I assume you mean the limitations around UTF-16, i.e. only one code point in SGCAPS or dead keys (I can't remember which off the very top of my head)?
No changes were made to the limitations in the underlying Windows platform or the code in the USER subsystem, which is where the limitaion comes from. Though we did improve detection of the problem here for SGCAPS.
No, I just found the bug -- the one with the unpaired surrogate throwing an exception that only happens on the 102 key. That bug was not fixed in 1.4, it is being tracked for a future version.
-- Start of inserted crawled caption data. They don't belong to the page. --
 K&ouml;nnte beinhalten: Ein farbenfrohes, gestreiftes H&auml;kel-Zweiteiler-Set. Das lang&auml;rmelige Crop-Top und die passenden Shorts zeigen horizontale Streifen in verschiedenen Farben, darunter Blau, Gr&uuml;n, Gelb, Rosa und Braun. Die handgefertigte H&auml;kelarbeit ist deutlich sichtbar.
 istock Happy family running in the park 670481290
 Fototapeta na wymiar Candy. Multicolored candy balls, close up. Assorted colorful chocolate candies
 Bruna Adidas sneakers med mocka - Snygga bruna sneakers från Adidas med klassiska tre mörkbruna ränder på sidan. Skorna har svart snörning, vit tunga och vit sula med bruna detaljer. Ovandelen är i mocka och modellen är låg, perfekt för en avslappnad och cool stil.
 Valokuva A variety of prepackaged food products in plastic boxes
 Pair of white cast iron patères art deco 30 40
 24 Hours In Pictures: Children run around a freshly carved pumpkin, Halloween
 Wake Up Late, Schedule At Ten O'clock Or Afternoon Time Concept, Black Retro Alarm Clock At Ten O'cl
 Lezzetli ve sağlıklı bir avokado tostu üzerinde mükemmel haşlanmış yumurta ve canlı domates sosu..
Microsoft Keyboard Layout Creator version 1.4 has now been released. See http://www.microsoft.com/downloads/details.aspx?FamilyId=8BE579AA-780D-4253-9E0A-E17E51DB2223&displaylang=en
Sorting It All Out : Not the coolest, but 다운로드 1.3을 비스타에서 설치할 경우에 몇가지 문제가 있었다고 합니다. (위의 블로그 링크에 문제들로의
The man of a thousand Unicode characters, Michael Kaplan , recently blogged about the new version of
Could you please clarify one thing regarding MSKLC 1.4?
I've found only 32-bit Vista in ur lab :) it's why I am asking:
a) I do know - from you (have read here) and others that under XP64 (not Vista) a user must have _two_ custom keyboard files:
- one in %WINDIR%\System32 directory
- another in %WINDIR%\SysWOW64 directory - for "older" 32-bit applications running under this 64-bit OS
b) Is it the same under 64-bit Vista? I mean, I use MSKLC, it prepared for me several directories and under 64-bit Vista:
(a) file from i386 sub-directory should go to the %WINDIR%\System32 directory
(b) and file from wow64 sub-directory should go to the %WINDIR%\SysWOW64 directory
Right? (64-bit Vista has such directory as well as XP64, right?)
I am asking because someone wrote that while it was necessary under XP64 it is not necessary anymore under Vista, that is under 64-bit Vista only (a) should be done and that file will work fine for both 64-bit applications and for older 32-bit ones.
It's not correct, is it? We do need (a) _and_ (b) under 64-bit Vista, don't we?
Yes, under 64-bit you need two files -- and the setup that is built will always have them. This is true of Vista and of 64-bit Windows prior to Vista.
Related question: if I use my "Windows DDK 3790.1830" to build a keyboard layout driver for Windows Server 2003 in x64 or IA-64 build environments, only one .dll is generated, presumably the non-wow64. What's the mistery ?
Um, MSKLC is nice enough to build the two separate binaries. If you are using the DDK you have to do all that yourself. The difficulty in accomplishing this is why MSKLC exists!
Yes, MSKLC is useful tool, but for x86 keyboard .dll files I am using DDK, it makes more fun :) (and I suspect that back in 2002 I had no choice in doing otherwise)
I see that the WDK is out, I will download and play with it a little. If I will not succeed, no problem, I am happy with the new MSKLC also :)
More fun for who? That format is simply awful to work with, and quite unforgiving....
But anyway, make sure to be careful -- it is way to easy to create keyboards that won't work well or at all when you do it the hard way, something that MSKLC goes out of its wasy to help guard against. :-)
Fun for me, don't know about others :)
It's now more than five years since the users are happy with my keyboard driver, so I suppose it is well written. Apart from that, with the DDK I am offering support for NT 4.0 versions too, something that MSKLC can't do as far as I know (for exemple on NT 4.0 there are no multimedia keys).
Not sure what you mean -- the keyboards should install on NT 4.0, too?